Teams must complete a tower design challenge given limited supplies.
This year I am teaching Software Engineering IT, a masters level software engineering course for students without a previous background in computing science. This is the first course I have ever taught, and I wanted to bring some of my defining experiences at UC Irvine across to my teaching here at Glasgow. I was amazingly fortunate to take Software Engineering with André van der Hoek, where I was taught software engineering from a design perspective. This perspective was core to André’s teaching, and I hope I’ve done it justice here and helped spread this mantra that I stand behind. Although I have now gone off the HCI and sociology deep end, software engineering was one of my favourite topics as an undergrad and André’s course contributed to my love of research and creativity in my work.
For the first lecture of the class, I wanted to drive home some important points about creativity and problem solving in software engineering. During the lecture, the class was split into teams to participate in a tower building challenge.
An intermediate design for a tower.
The Challenge
Design the tallest possible tower given the materials.
Your tower must be able to support the weight of one large tub of Play-Doh.
Tower will be judged based on functionality (does it support weight?), height, and beauty.
The teams were left with 25 minutes to design and build the best tower possible.
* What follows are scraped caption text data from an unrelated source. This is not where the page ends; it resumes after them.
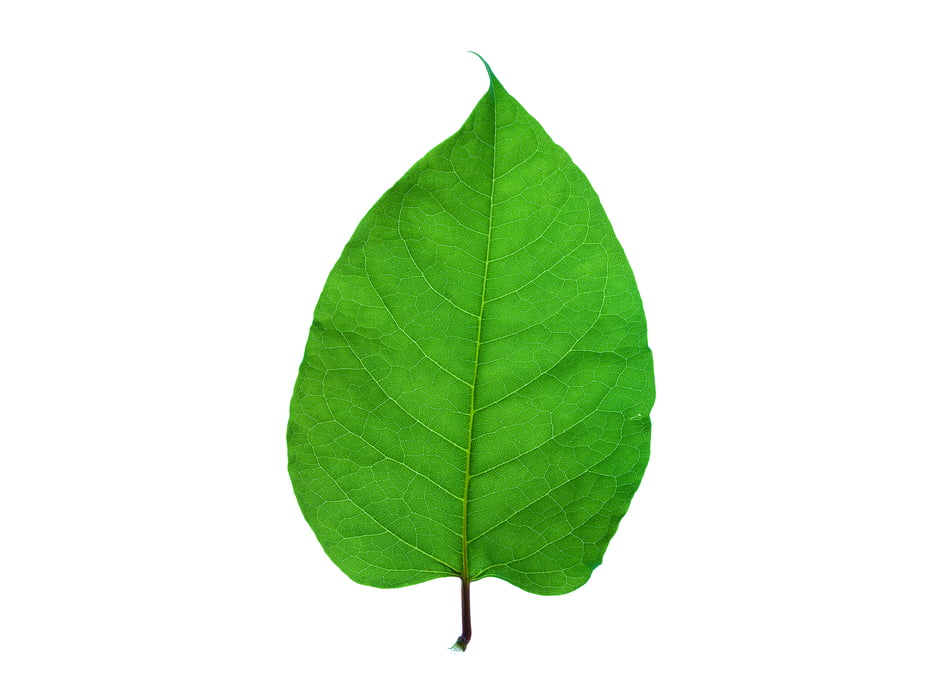 847 megapixels! A very high resolution, large-format VAST photo print of a single green leaf; nature photograph created by Scott Rinckenberger in Snoqualmie Falls Park, Snoqualmie, Washington.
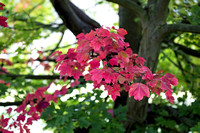 Acer rubrum ' Red Sunset' - arboretum Wespelaar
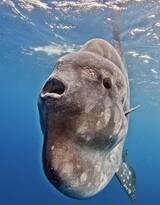 又笨又萌的海洋生物翻车鱼高清图片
However, the lecture was grounded on some important software engineering concepts that I wanted to highlight with our towers.
Duck Tape?
I asked the students if they would’ve built better towers if I provided them with the duck tape I had in my box of tricks. In software engineering, that duck tape is like the library or framework you might have not been aware of or chosen not to use. In the tower, not using the duck tape as a tool seems silly. In software engineering, use of appropriate tools and frameworks makes an even bigger difference.
What do Towers Look Like?
I also challenged assumptions and design decisions in the tower process to highlight the importance of good requirements. I changed the challenge at the end by asking for a tower that could suspend from the ceiling. How many of the designs would still work? What about if when I said tower I really meant bridge? Would you simply turn the tower sideways as say “this is a bridge” or would you start with a new design? I wanted to demonstrate that we often re-purpose software and use it in ways it’s not intended because we can, but this leads to lots of headaches down the line. You wouldn’t just repurpose the tower when it obviously wasn’t fit for purpose, and we shouldn’t do that with software either. I also touched on the idea that a good tower design might support re-use and extension more easily, which leads to…
Design Patterns for Towers
Towers have design patterns as much a software does. I demonstrated a simple construction technique for the towers to show the students how much a proven design pattern can improve your final product. Thus far, I think the best joint for tower building given our material set is to place two dowels end to end, wrap tightly with paper, and secure down with a small amount of Play-Doh. After showing this technique, we discussed how it might make much stronger and taller towers. Again, I asked if the students would just augment their design or start fresh given the new knowledge. Towers have design pattern and so does software, and we’ll be learning and applying them in this course.
I tried to use the tower not only to give a flavour for the level a creativity and reflection I expect during the class, but also to show some hopefully compelling examples of why the intangible or difficult to visualise software pitfalls are important to address in the software engineering process. I think I am going to really enjoy my first semester of teaching.
Some of the Final Results
A tower with a flag and a plaza.
It turns out that adding “Beauty/Creativity” as one of the tower judging criteria led to some very interesting designs.
A tower with circular paper adornments.
An interesting shape in the middle of the tower.
A short but strong tower.
Special thanks to André van der Hoek and Alex Baker who not only first exposed me to software engineering as design at UCI in 2006 but who also guided and supported me while preparing for this course.